In the data below, the copy begins at the line containing "view of front" and runs through the last line; repeat those lines exactly, minus the pictures.
Top of Raw data
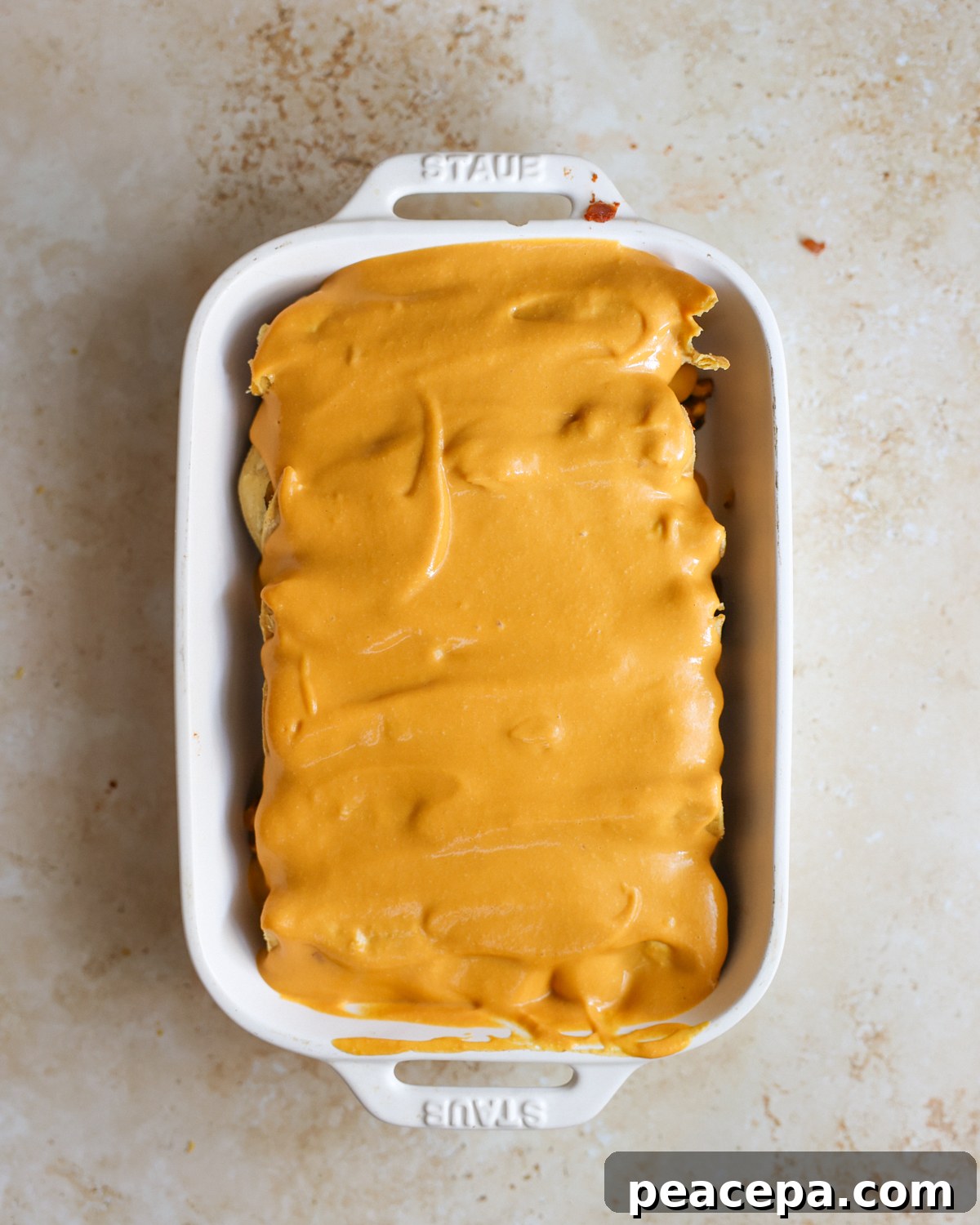 Overhead cheese sauce on enchiladas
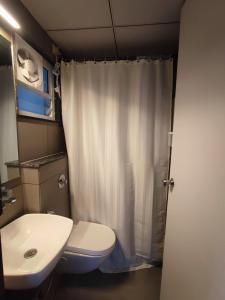 La salle de bains est pourvue de toilettes blanches et d'un lavabo. dans l'établissement Alpha Room, à Ahmedabad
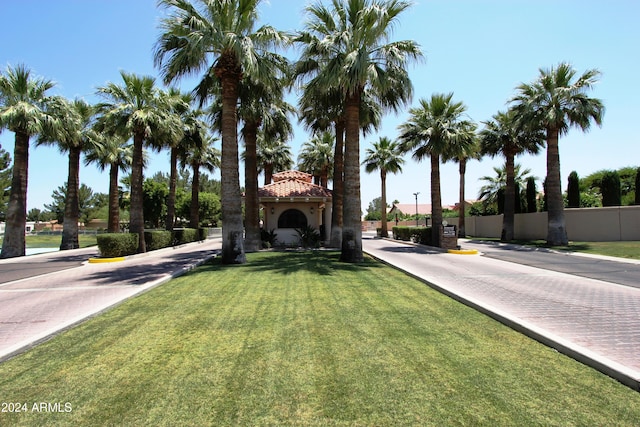 view of front of home with a front lawn and a gazebo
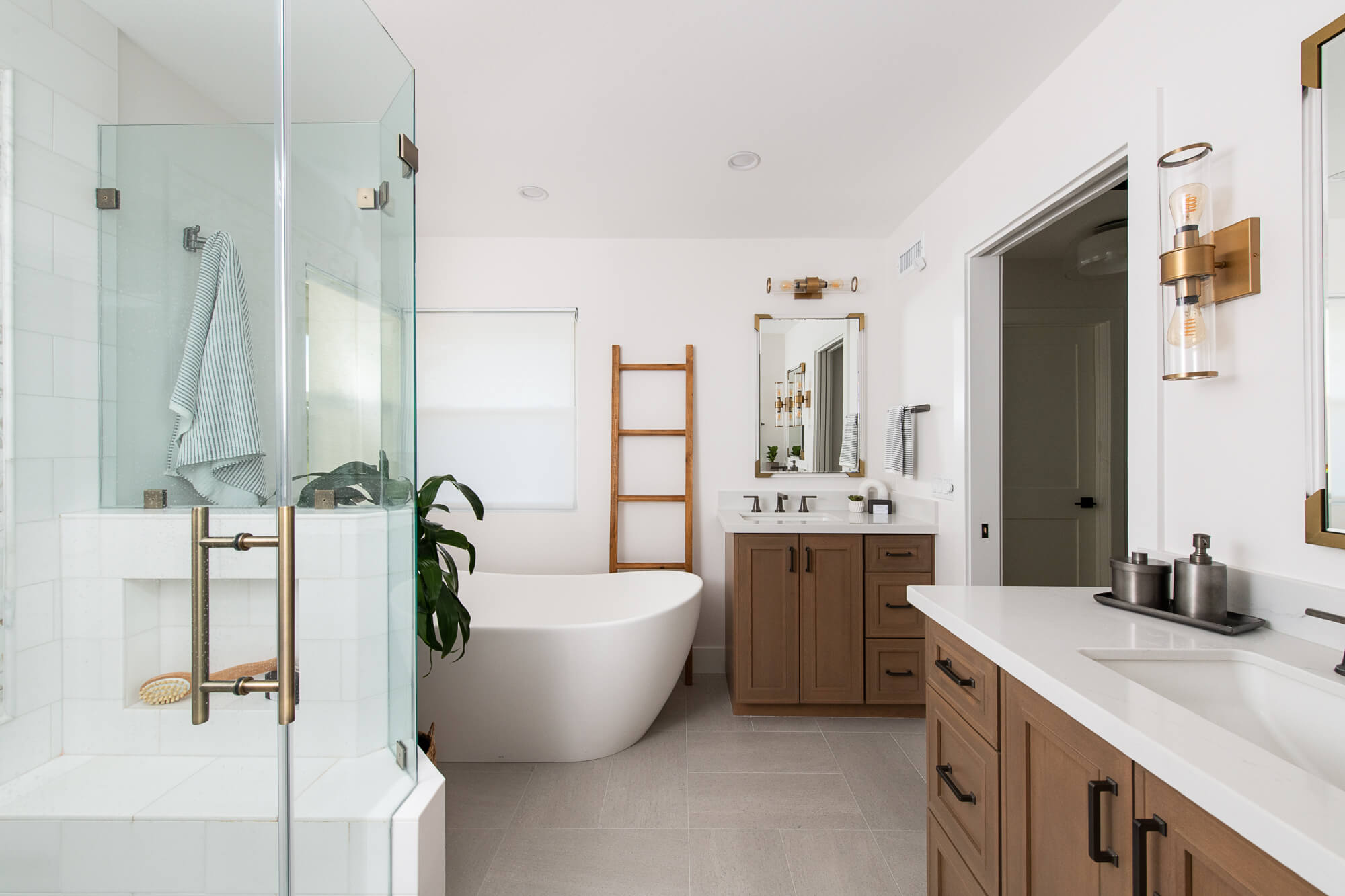 Modern bathroom with glass-enclosed shower, freestanding bathtub, and wooden vanities.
Bottom of Raw data
Task result:
 view of front of home with a front lawn and a gazebo
 Modern bathroom with glass-enclosed shower, freestanding bathtub, and wooden vanities.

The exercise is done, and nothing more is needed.